Can nurse practitioners solve the country’s primary care shortage?
Joyce Knestrick, the president of the American Association of Nurse Practitioners, grew up in a housing project in Appalachia.
After receiving a nursing degree, a master’s degree, and a doctorate, she chose to work at a community clinic in Wheeling, West Virginia, a city about 25 miles from where she attended school as a child. There, patients work long hours in service industry jobs, struggle with smoking and diabetes, and often miss appointments because they lack transportation.
“I’ve always practiced in rural and underserved areas,” Knestrick said. “That’s my way of giving back to society for what it’s given me.”
Her story isn’t unusual for nurse practitioners (NPs). Since training programs often educate nurses in their own communities, they tend to stay in those areas. That could explain why rural primary care physician practices are increasingly relying on NPs, according to a recent study in Health Affairs. Interestingly, though, researchers also found that the presence of NPs is expanding in nonrural areas, too — underscoring their important role in addressing the country’s growing shortage of primary care doctors.
The study’s findings support other research that has found significant national growth in NPs. Last year, nearly 28,000 people graduated from nurse practitioner programs, more than three times the number who graduated a decade before, according to Edward Salsberg, director of health workforce studies at the Health Workforce Institute at George Washington University.

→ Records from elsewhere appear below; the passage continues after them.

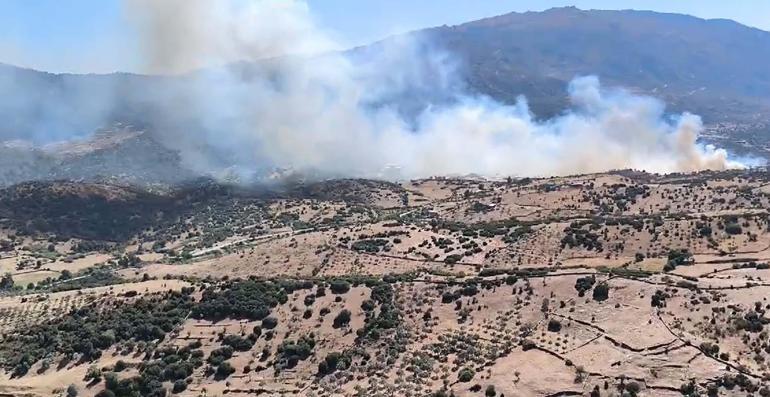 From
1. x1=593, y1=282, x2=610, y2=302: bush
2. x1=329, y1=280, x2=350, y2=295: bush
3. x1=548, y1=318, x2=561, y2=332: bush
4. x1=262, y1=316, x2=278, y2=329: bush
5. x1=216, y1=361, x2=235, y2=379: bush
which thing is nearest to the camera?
x1=216, y1=361, x2=235, y2=379: bush

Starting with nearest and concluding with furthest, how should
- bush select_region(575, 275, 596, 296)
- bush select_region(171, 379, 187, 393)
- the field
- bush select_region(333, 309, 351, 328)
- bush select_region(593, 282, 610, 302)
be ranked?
the field, bush select_region(171, 379, 187, 393), bush select_region(593, 282, 610, 302), bush select_region(575, 275, 596, 296), bush select_region(333, 309, 351, 328)

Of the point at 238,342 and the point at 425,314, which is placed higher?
the point at 425,314

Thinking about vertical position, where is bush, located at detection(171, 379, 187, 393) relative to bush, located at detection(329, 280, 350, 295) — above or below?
below

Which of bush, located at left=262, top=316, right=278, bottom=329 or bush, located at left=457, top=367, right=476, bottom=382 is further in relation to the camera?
bush, located at left=262, top=316, right=278, bottom=329

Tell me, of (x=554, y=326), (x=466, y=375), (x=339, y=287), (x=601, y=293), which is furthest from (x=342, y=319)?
(x=601, y=293)

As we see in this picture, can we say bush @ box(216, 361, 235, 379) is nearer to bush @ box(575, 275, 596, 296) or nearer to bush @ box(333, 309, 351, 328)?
bush @ box(333, 309, 351, 328)

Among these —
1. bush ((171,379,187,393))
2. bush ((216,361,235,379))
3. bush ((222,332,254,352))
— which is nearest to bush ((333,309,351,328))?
bush ((222,332,254,352))

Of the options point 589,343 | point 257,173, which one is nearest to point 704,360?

“The rapid growth of NPs could help mitigate the worries about shortages,” Salsberg said. “There’s real hope that help is on the way.”
The nurse practitioner will see you now
While there’s been speculation that NPs are playing a key role in tackling the primary care gap, it was interesting to see the numbers confirm that, said Hilary Barnes, an assistant professor at the University of Delaware School of Nursing and the lead author of the Health Affairs study.

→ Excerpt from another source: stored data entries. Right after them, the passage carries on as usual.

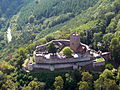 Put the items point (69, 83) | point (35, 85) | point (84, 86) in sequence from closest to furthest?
point (84, 86) < point (35, 85) < point (69, 83)

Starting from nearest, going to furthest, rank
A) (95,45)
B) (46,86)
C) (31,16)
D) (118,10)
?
(46,86)
(95,45)
(118,10)
(31,16)

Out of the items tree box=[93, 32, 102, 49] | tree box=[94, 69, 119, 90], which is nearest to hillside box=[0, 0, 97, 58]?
tree box=[93, 32, 102, 49]

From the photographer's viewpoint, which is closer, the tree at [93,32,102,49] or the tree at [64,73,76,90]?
the tree at [64,73,76,90]

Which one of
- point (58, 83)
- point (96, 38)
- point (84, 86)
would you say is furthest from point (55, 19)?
point (84, 86)

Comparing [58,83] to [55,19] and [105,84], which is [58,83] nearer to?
[105,84]

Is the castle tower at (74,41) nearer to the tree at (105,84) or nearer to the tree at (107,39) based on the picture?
the tree at (107,39)

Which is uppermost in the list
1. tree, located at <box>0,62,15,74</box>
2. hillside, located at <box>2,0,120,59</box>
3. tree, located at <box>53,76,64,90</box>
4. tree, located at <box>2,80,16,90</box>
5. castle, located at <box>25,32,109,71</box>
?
hillside, located at <box>2,0,120,59</box>

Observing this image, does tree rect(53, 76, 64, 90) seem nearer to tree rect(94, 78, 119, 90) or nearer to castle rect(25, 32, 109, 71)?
castle rect(25, 32, 109, 71)

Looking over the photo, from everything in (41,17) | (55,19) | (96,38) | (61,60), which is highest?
(41,17)

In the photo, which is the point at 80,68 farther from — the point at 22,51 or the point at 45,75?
the point at 22,51

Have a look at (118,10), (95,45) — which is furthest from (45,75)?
(118,10)

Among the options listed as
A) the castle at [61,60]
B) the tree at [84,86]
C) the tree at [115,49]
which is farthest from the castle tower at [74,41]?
the tree at [84,86] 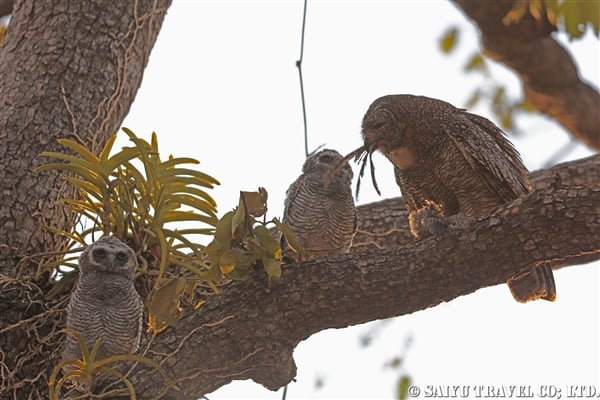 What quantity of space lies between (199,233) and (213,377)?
2.18 ft

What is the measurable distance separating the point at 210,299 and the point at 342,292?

Researchers looked at the proportion of NPs, physicians and physician assistants in both rural and nonrural primary care practices from 2008 to 2016. By the end of that period, NPs made up more than 25 percent of providers in rural practices, up from 17.6 percent in 2008. In nonrural practices, the percentages grew from nearly 16 percent to 23 percent during that same timeframe. Meanwhile, physician percentages decreased in both rural and urban settings. The proportion of physician assistants stayed relatively constant.

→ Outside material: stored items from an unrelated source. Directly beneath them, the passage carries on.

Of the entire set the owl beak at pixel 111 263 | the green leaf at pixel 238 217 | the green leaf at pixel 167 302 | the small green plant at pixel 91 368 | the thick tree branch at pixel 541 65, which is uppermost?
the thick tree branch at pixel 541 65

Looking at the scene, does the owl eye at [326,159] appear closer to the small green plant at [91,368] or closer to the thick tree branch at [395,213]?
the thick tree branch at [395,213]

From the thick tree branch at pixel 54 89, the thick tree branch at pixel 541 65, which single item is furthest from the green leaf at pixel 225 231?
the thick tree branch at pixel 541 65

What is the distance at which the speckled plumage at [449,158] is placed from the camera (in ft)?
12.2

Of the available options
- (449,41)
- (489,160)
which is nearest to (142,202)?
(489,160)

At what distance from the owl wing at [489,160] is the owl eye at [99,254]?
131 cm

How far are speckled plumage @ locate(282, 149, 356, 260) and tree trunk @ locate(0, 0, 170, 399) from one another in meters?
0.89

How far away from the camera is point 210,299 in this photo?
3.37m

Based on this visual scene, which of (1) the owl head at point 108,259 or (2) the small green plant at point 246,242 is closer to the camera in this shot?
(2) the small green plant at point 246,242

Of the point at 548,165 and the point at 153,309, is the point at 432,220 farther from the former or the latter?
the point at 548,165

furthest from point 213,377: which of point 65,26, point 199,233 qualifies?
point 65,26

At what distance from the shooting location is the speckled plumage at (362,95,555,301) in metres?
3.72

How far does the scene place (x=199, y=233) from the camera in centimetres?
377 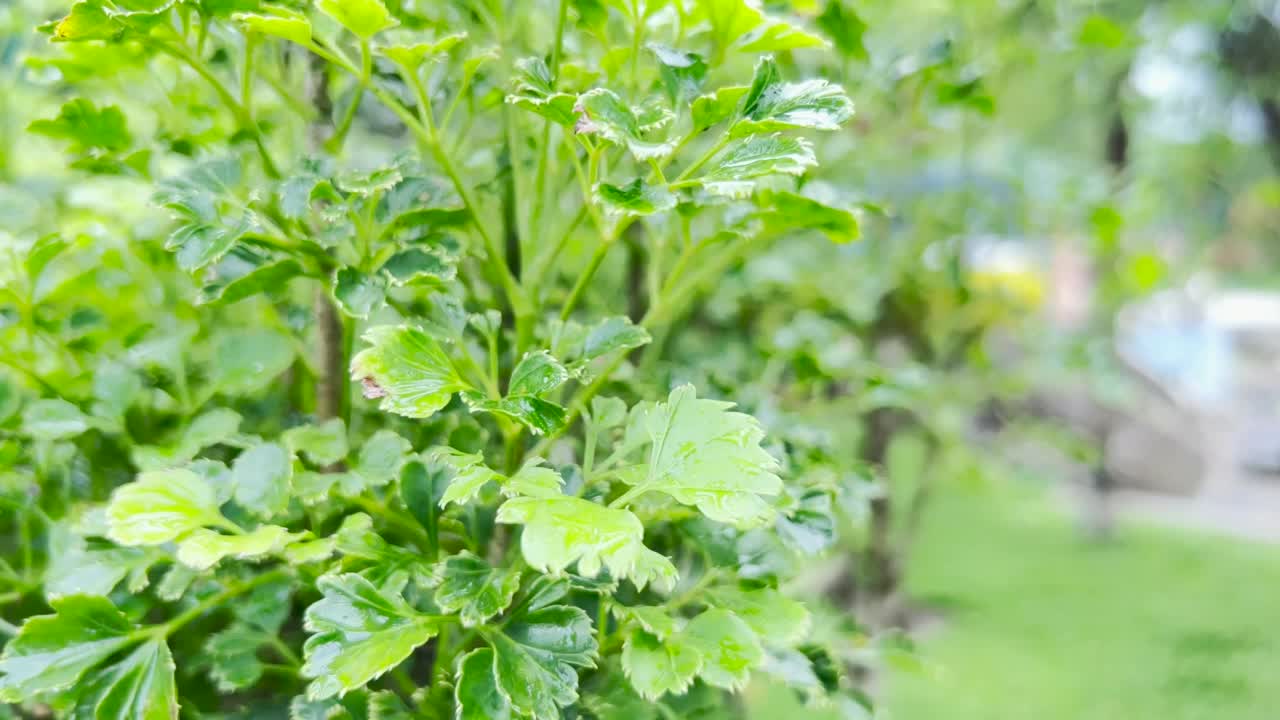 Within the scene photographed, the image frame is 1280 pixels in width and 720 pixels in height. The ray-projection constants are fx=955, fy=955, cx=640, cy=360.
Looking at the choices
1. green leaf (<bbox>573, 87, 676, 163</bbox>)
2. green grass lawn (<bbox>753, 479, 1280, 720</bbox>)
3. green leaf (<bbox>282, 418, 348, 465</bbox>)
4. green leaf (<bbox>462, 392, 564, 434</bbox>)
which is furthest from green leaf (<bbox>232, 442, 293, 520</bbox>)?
green grass lawn (<bbox>753, 479, 1280, 720</bbox>)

Barnes attributes these workforce changes in part to the growing national physician shortage, which is only expected to worsen as a wave of baby boomer doctors retire. As the numbers of NPs soar nationwide, attitudes toward them are also shifting. More and more patients are open to seeing NPs for their primary care needs, Barnes said.
Nurse practitioners don’t go it alone
While this rapid growth is improving access in underserved urban and rural areas alike, Salsberg cautioned against considering NPs a substitute for physicians. Instead, he says the providers are increasingly working together in a team-based approach to care.
For example, some patients’ concerns — such as a difficult diagnosis — might require a physician, while routine health needs may be more easily served by a nurse practitioner or physician assistant. Personally, Salsberg says he’s confident that a NP would refer him to a physician if his care needs were beyond their expertise.
“I bristle when people suggest it’s either-or,” he said. “In more and more of the practices I visit, the physicians are working with NPs and PAs.”
He pointed to research from UCSF’s Thomas Bodenheimer who has argued that primary care capacity can be greatly increased by allowing other providers — such as registered nurses and pharmacists — to address care needs traditionally handled by a doctor.
What does your state allow?
Figuring out just how much autonomy a NP should have, though, isn’t without controversy. While some states allow a NP to practice more independently, other states may require NPs to discuss a patient’s care with a physician, have a physician sign their charts, or limit their ability to prescribe drugs.
Groups such as the American Medical Association have opposed expanding the authority of non-physicians in ways that would “threaten the health and safety of patients,” saying that wellbeing could be harmed “by practitioners who lack the education, training or experience to perform procedures…” But a June report from the Brookings Institution found that the more limiting laws “restrict competition, generate administrative burdens, and contribute to increased health care costs, all while having no discernable health benefits.”
In general, scope of practice — what a health care provider is allowed to do — is a ripe area for journalists to explore, Barnes said. She suggests reporters look into what the laws look like in their state. California reporters, for example, might be surprised that the state is among the most restrictive, she said.
As for Salsberg, he recommends reporters look at the big picture when reporting on primary care. While pockets of shortage will remain — providers aren’t distributed evenly across the country — it’s important to situate those gaps within the overall context: the increase in NPs is significantly improving the country’s health care workforce shortages.
“The challenge for press is trying to understand extent of the problem,” he said. “We can always find an anecdote of some physician retiring and someone unable to find a doctor.”